What I’m trying to do:
I’m trying to get an idea of how fast my M_AXI matrix multiplier IP is by sending in matrices then using “time” library to measure latency.
Issue:
I noticed that the following commands can take up to 0.103+ seconds:
Yes, so the allocate function is different depending on the type of device that you are running on, either edge or x86. When an allocation occurs a check is made to determine what type of device you are on and then a fetch to get a handle for that device.
If we perform some profiling we can clearly see that getting a handle for the device is where the majority of the time is spent during allocation. On v2.7 this is a separate process that is communicated with via sockets (the pl_server), and in v3.0 a global state file is referenced to get information for the current device.
The actual allocation time is quite small compared to this overhead of all the comms with the pl_server, see highlighted above.
On v3.0, if you are loading the overlay in the same process that you want to perform the allocation then internally we grab a handle for the device directly from the overlay object. This allows you to bypass the communication with the server and get a much faster allocation time.

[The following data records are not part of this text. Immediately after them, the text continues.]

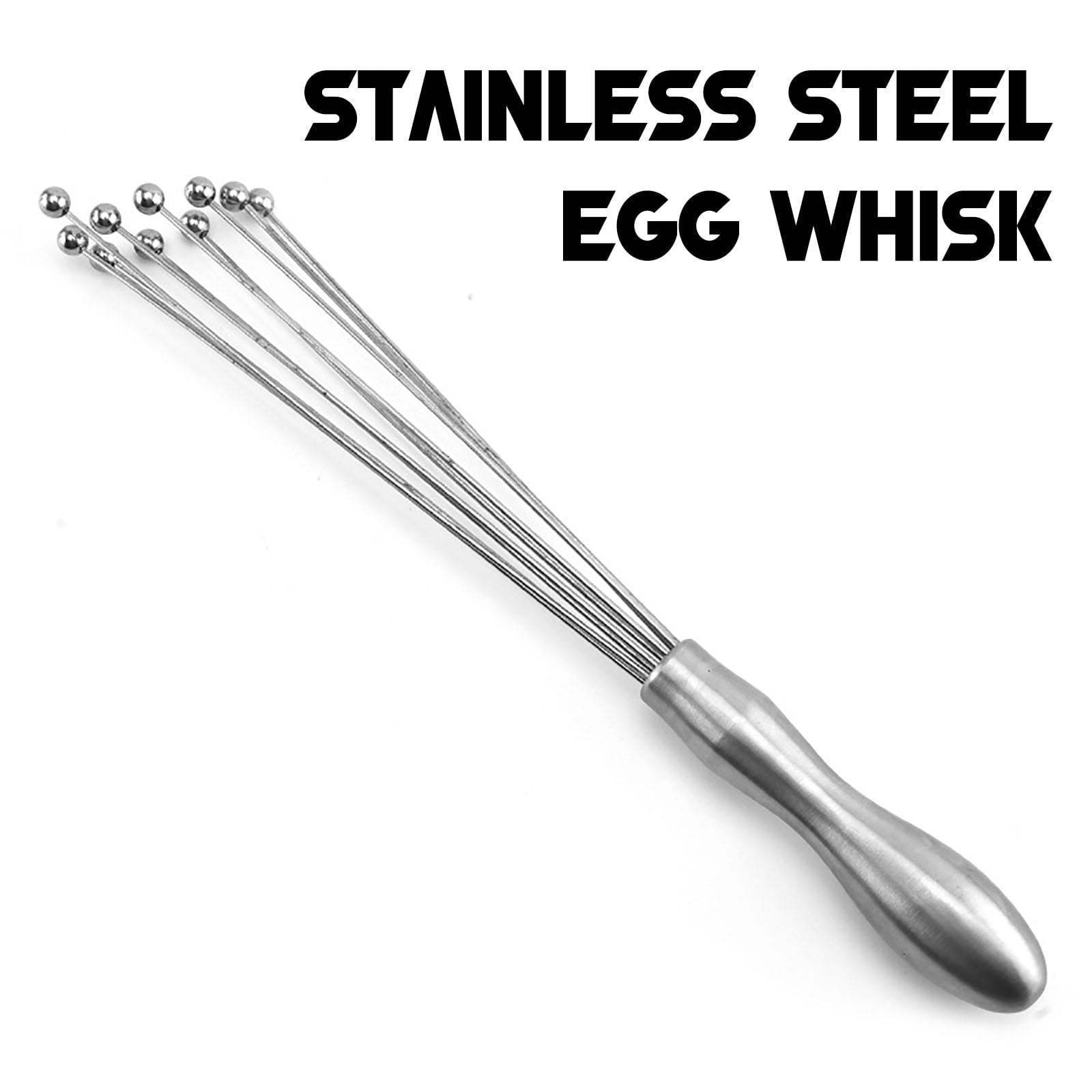 Egg Whisk,10" Stainless Steel Ball Whisk Egg Beater with Handle, Manual Mixers Whisk, Kitchen Tool for Baking V1189-WXFWAL-20260319-00887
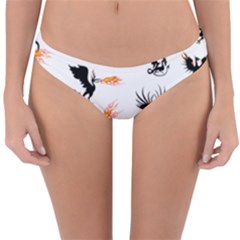 Dragon-phoenix-fire-bird-ancient Reversible Hipster Bikini Bottoms by Cowasu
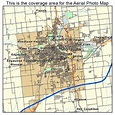 Aerial Photography Map of Anderson, IN Indiana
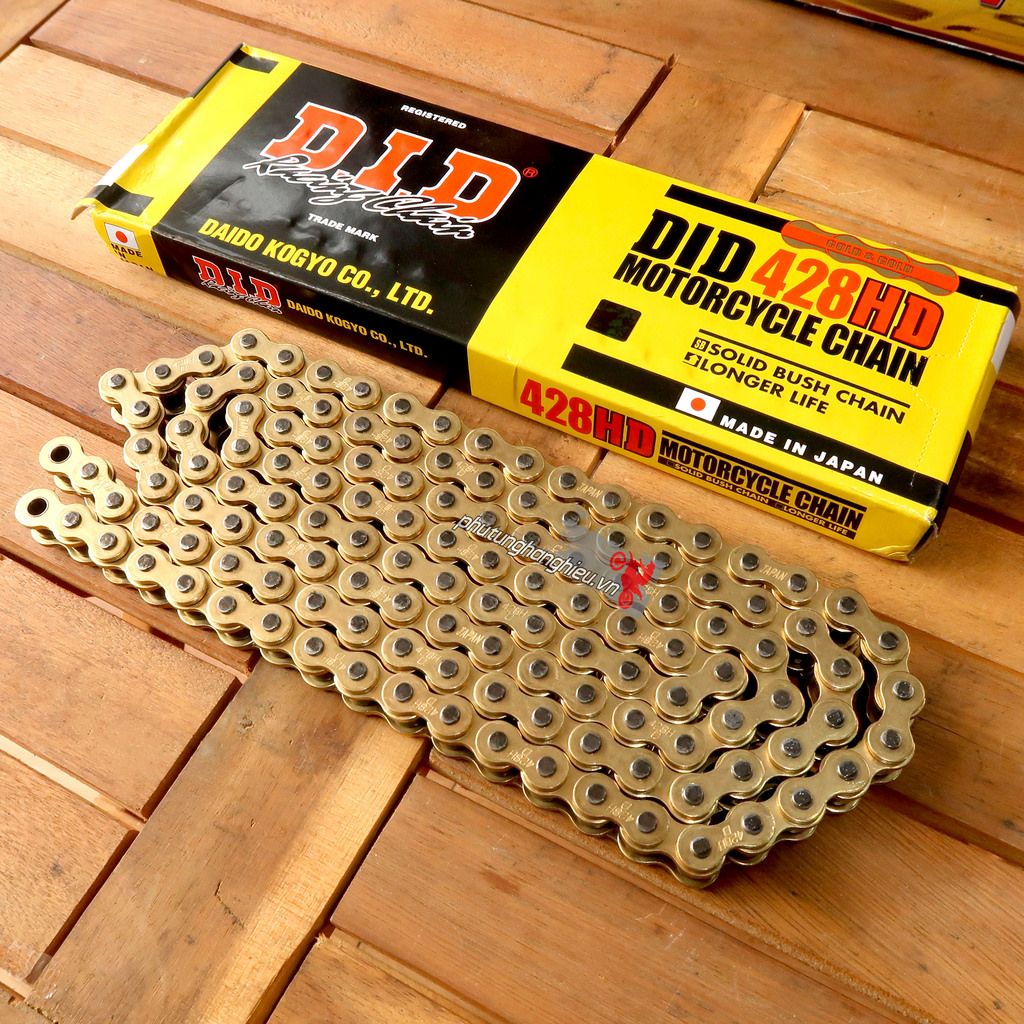 Nhông dĩa Akei kết hợp sên vàng DID Nhật 10 ly cho Exciter 150
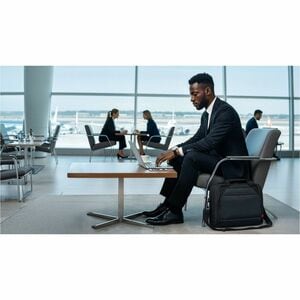 Targus Classic EcoSmart CN414GL Carrying Case (Briefcase) for 33 cm (13") to 35.6 cm (14") Notebook - Black - TAA Complian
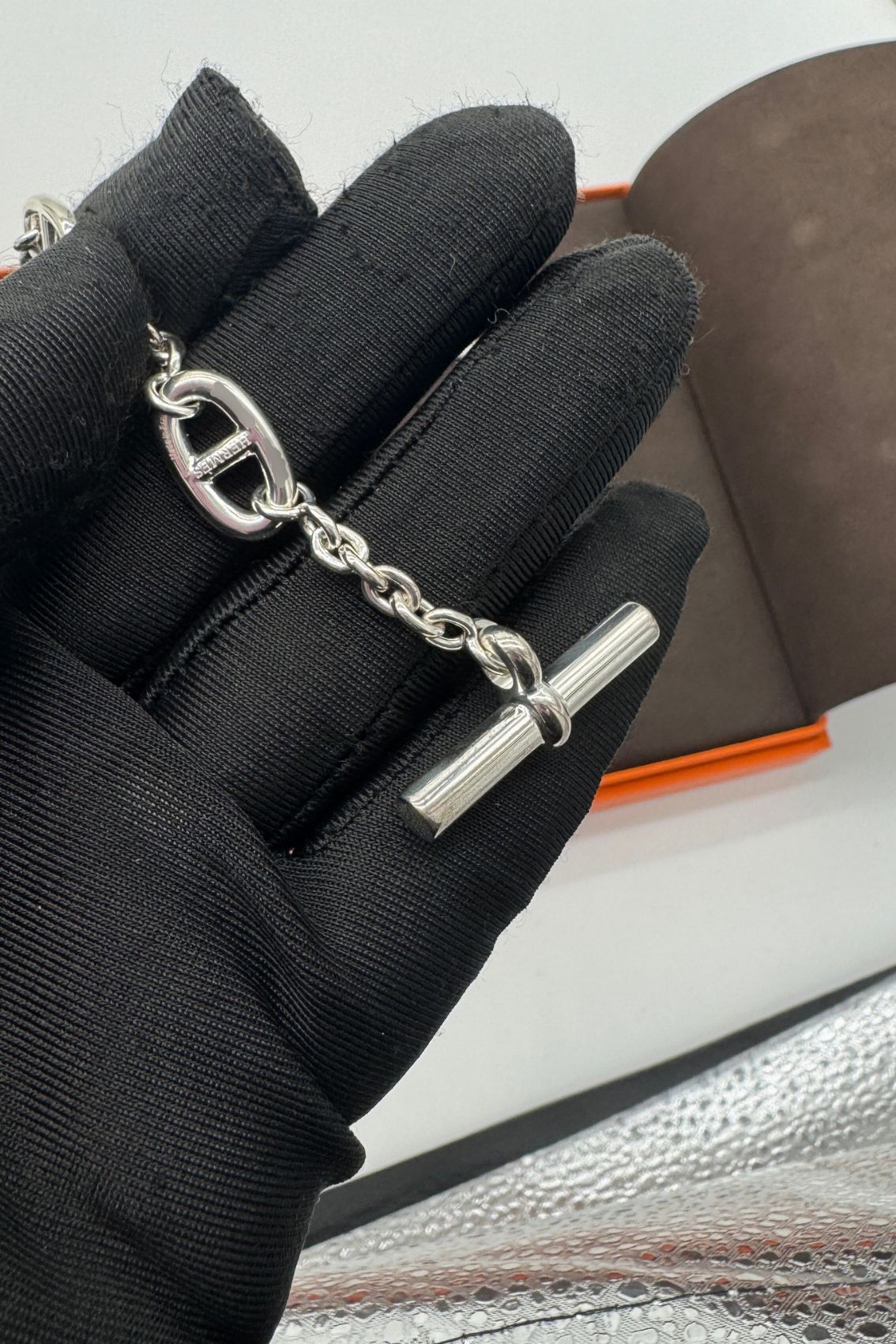 Hermès Farandole Long Necklace 120 Sterling Silver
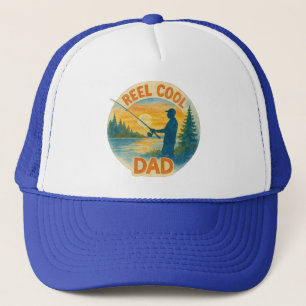 Casquette Tige de pêcheur et moulinet de papa super cool drô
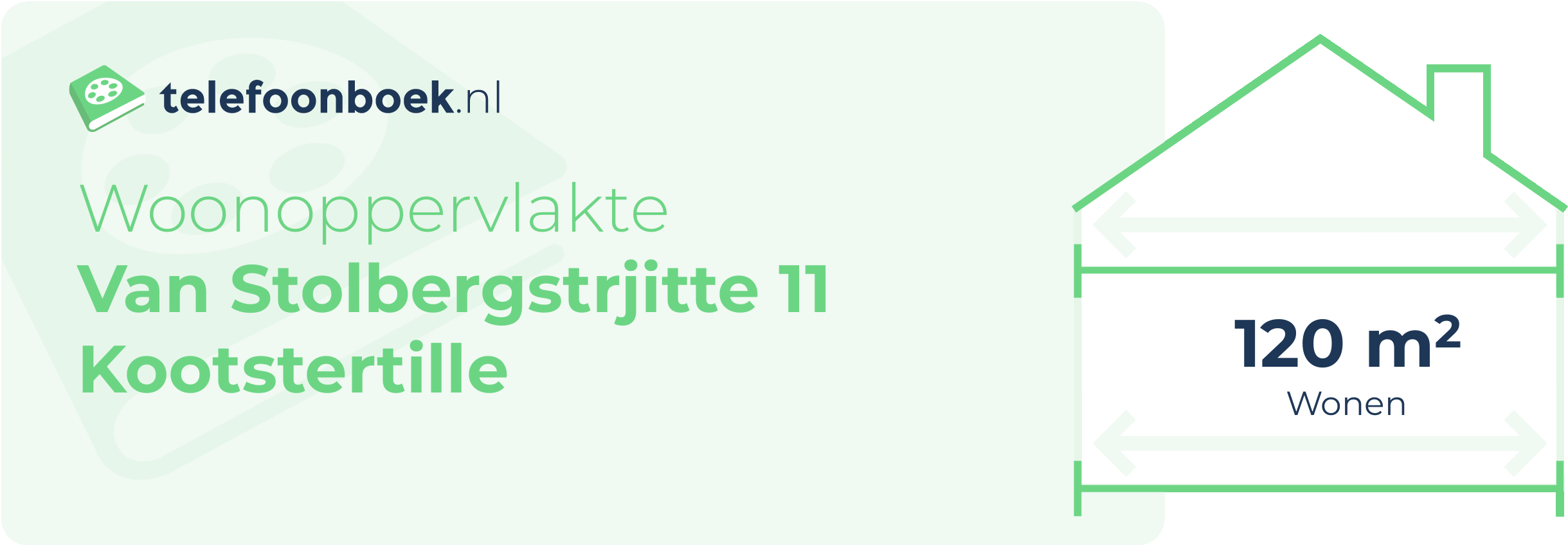 Woonoppervlakte Van Stolbergstrjitte 11 Kootstertille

The above example is on v3.0. As we can see, if the overlay has not been loaded (or loaded in a separate process) then the time taken to allocate a buffer is 0.113s. However, once the overlay has been loaded in the current process, then we can grab the device handle directly from it and get a much faster allocation time of 0.0033s. Unfortunately, this will only work if you are on v3.0.
That clarifies everything and makes total sense. I downgraded my system from v3.0 on my PYNQ-Z1 a couple months back for a certain reason, but I will be upgrading my system back to v3.0 ASAP.